■ **INFORMATION SHOWN**
BEGIN

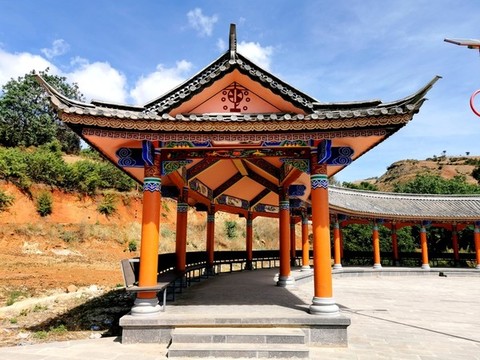 弧形古建長廊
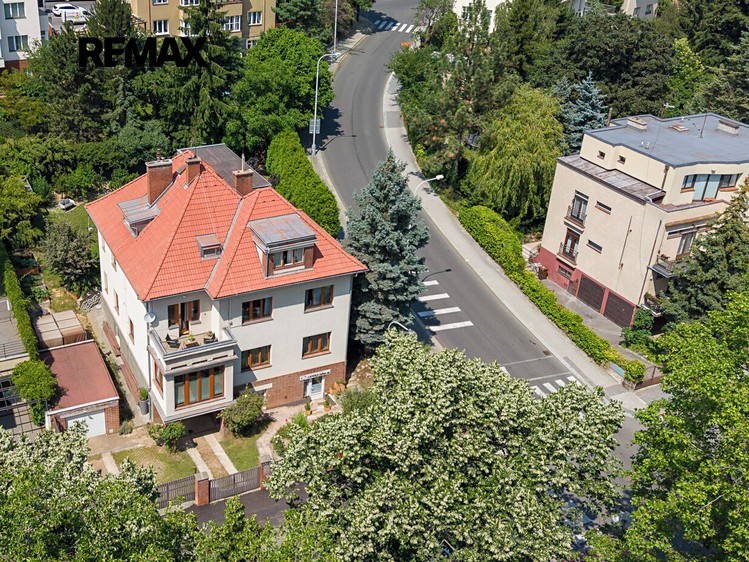 Будинок на продаж, 400 м² (28 з 28)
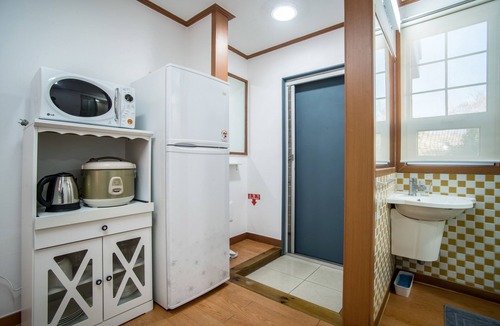 Aewol House | Jeju Nollmung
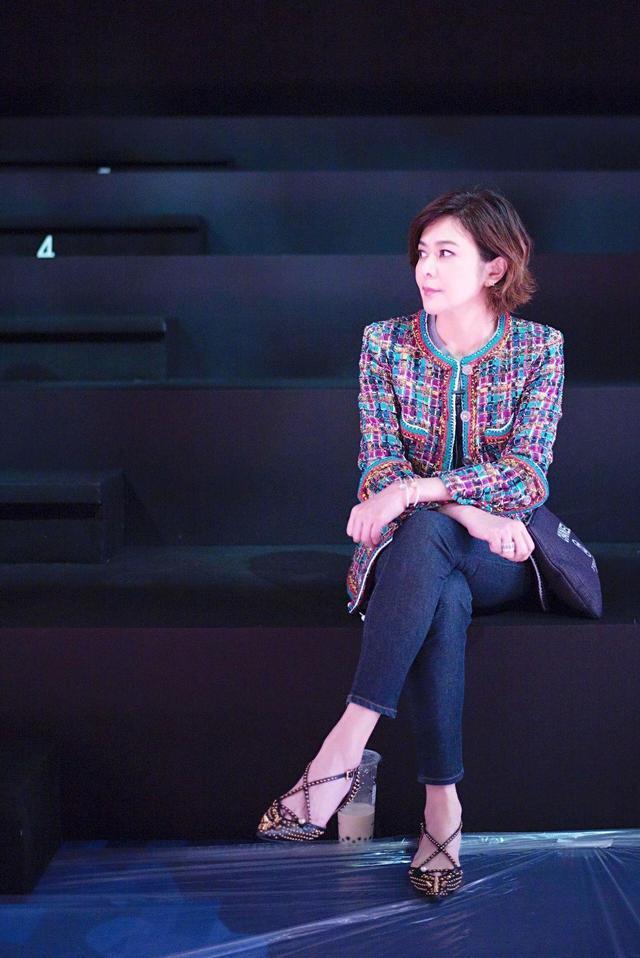 关之琳穿衣好少女,白t恤配宽松裤太减龄,可少了美颜脸老得真实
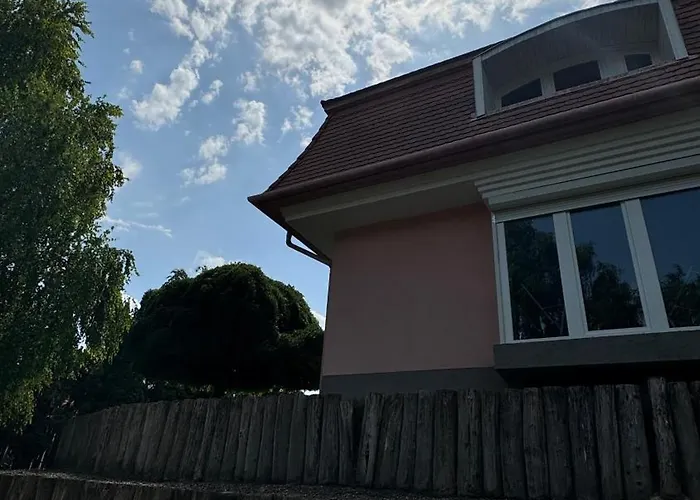 5 Haloszobas Wellness Vip House - Privat Medence * שיופוק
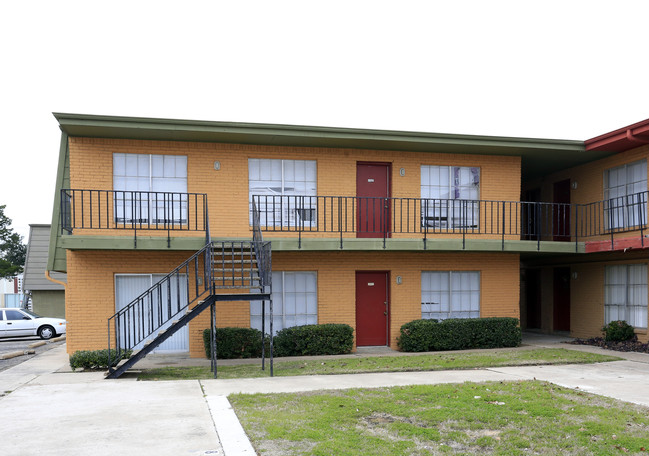 Windbrook Apartments in Dallas, TX - Building Photo - Building Photo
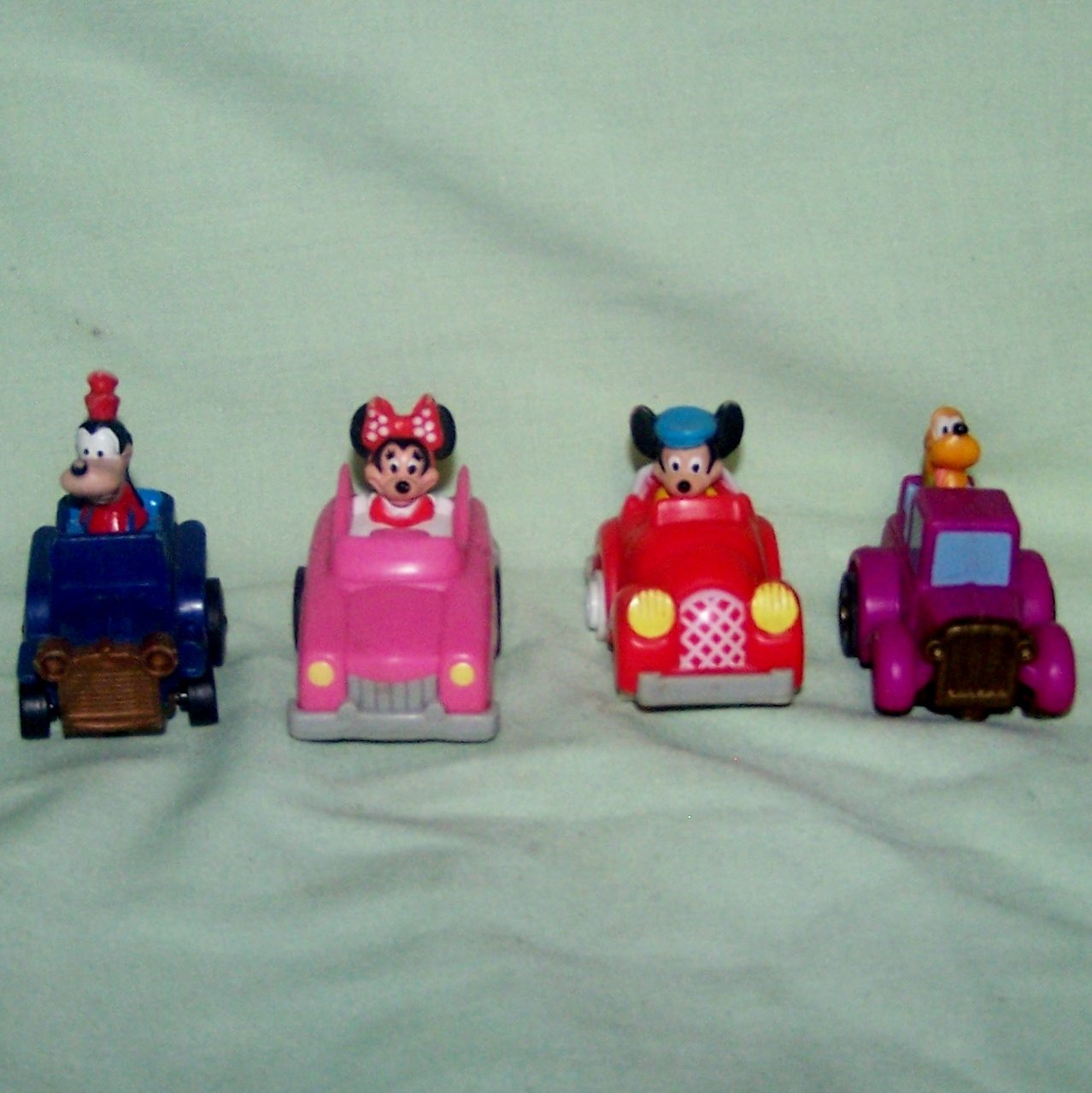 Lot Of 4 Disney Vintage Pull Back Roll Cars Mickey Minnie Goofy Pluto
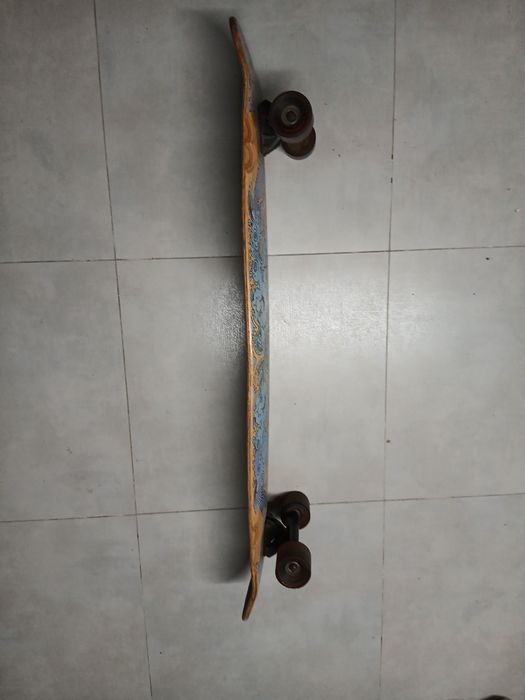 Skate longboard dancing
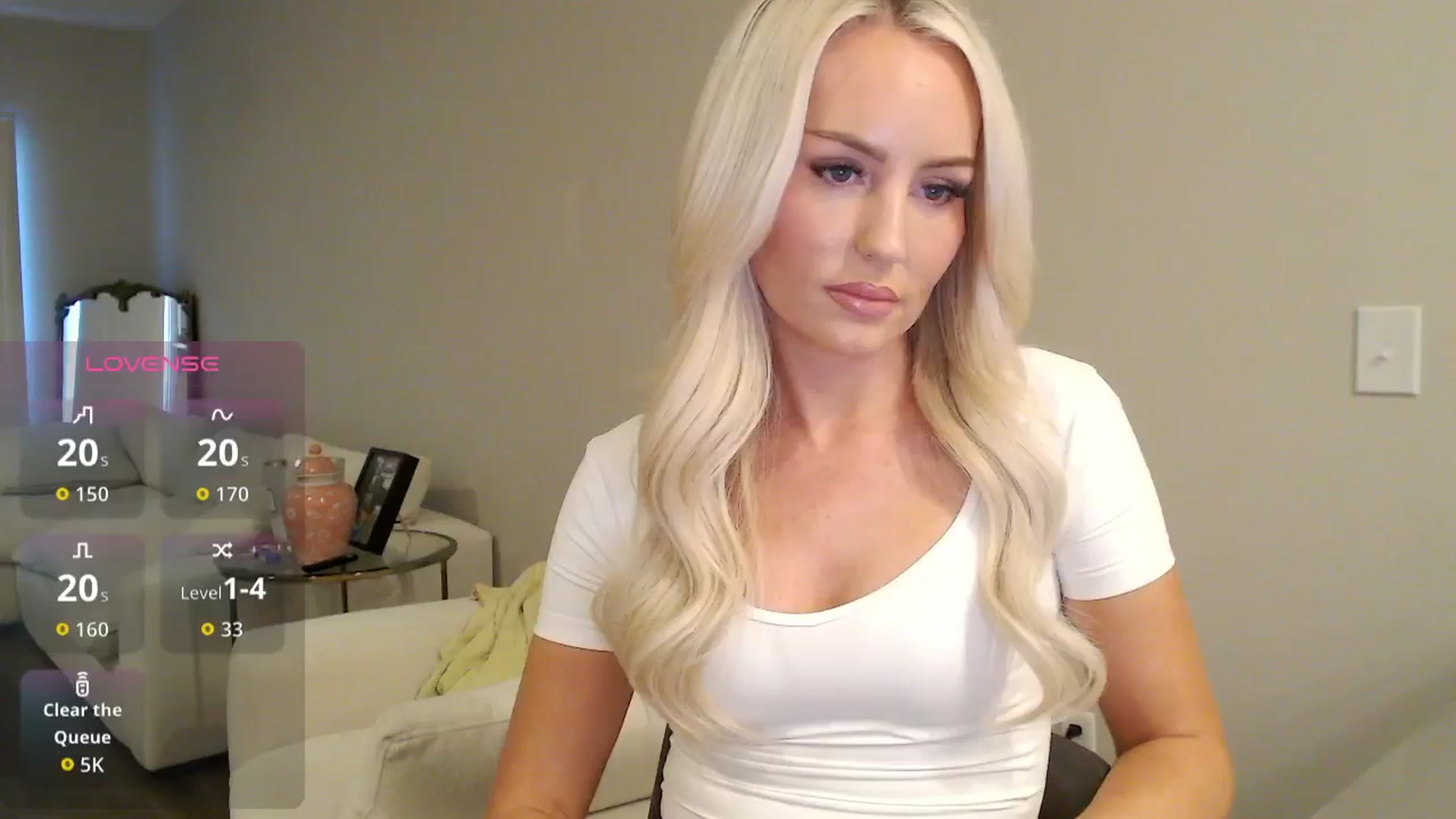 Gallery image thumbnail from Officialelsa's myfreecams stream on, 10/30/2025, 23:21 image 19 of 20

END

■ **TASK OBJECTIVE**
With all pictures omitted, return the lines from the line containing "Windbrook Apartments in" through the closing line of the listing above, exactly and inclusive.

■ **EXERCISE RESPONSE**
 Windbrook Apartments in Dallas, TX - Building Photo - Building Photo
 Lot Of 4 Disney Vintage Pull Back Roll Cars Mickey Minnie Goofy Pluto
 Skate longboard dancing
 Gallery image thumbnail from Officialelsa's myfreecams stream on, 10/30/2025, 23:21 image 19 of 20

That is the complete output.